6. “Culture eats strategy for breakfast” Peter Drucker
Everything about founding is counter-intuitive. One of the most counter-intuitive parts I’m finding is where to apply effort for results. In a start-up it would make sense that you should apply maximum effort as a CEO into making the product and selling it. If you are a start-up of one, then that makes sense. But as Jim Collins points out you have to get the ‘right people on the bus, in the right seats’ before you go anywhere. The bus is the culture itself – the vehicle.
I think now the order of priority for execution should be:
1. People
2. Culture
3. Strategy

Culture is the ability of the bus to take corners, go over bumps and up hills, and still get where you are going.

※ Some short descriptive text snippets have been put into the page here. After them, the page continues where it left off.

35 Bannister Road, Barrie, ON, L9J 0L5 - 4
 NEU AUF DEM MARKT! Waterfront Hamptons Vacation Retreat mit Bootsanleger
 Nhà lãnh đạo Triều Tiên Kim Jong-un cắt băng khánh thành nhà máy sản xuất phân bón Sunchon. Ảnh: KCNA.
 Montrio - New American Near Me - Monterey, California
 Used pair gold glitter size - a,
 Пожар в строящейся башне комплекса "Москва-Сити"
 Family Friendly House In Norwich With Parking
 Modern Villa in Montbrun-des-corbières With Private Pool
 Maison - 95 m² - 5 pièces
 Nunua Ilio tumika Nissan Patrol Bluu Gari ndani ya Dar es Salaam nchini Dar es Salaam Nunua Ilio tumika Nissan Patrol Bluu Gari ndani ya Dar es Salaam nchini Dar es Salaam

For example, with the people we have in the company right now (physicians, engineers and scientists) and the culture that we have, I would be quite happy to build pretty much anything in healthcare, to go pretty much anywhere. With a very bumpy AI and economic terrain ahead of us, I think culture is our most valuable asset going forward.

So that’s it, everything I’m thinking about culture right now.

Footnotes:

*I have no idea how to fix this by the way, it’s just my observation. Also another caveat; it’s the people that really keep the NHS going, and the pockets of the good – teams that really cared about each other, focussed on good work, had a team mentality and invested in each other’s abilities – keep the whole system going. For now at least.

**Empathy is also a business superpower, so directly curating it in the company seems like a good idea.

*** If the culture is the normal interactions between people in the company, we recognised that there isn’t much ‘normal’ about interacting with the CEO compared to colleagues. Therefore although I am responsible for the culture, I don’t actually experience it personally, so the true guardians of the culture in this respect at the actual people in the company.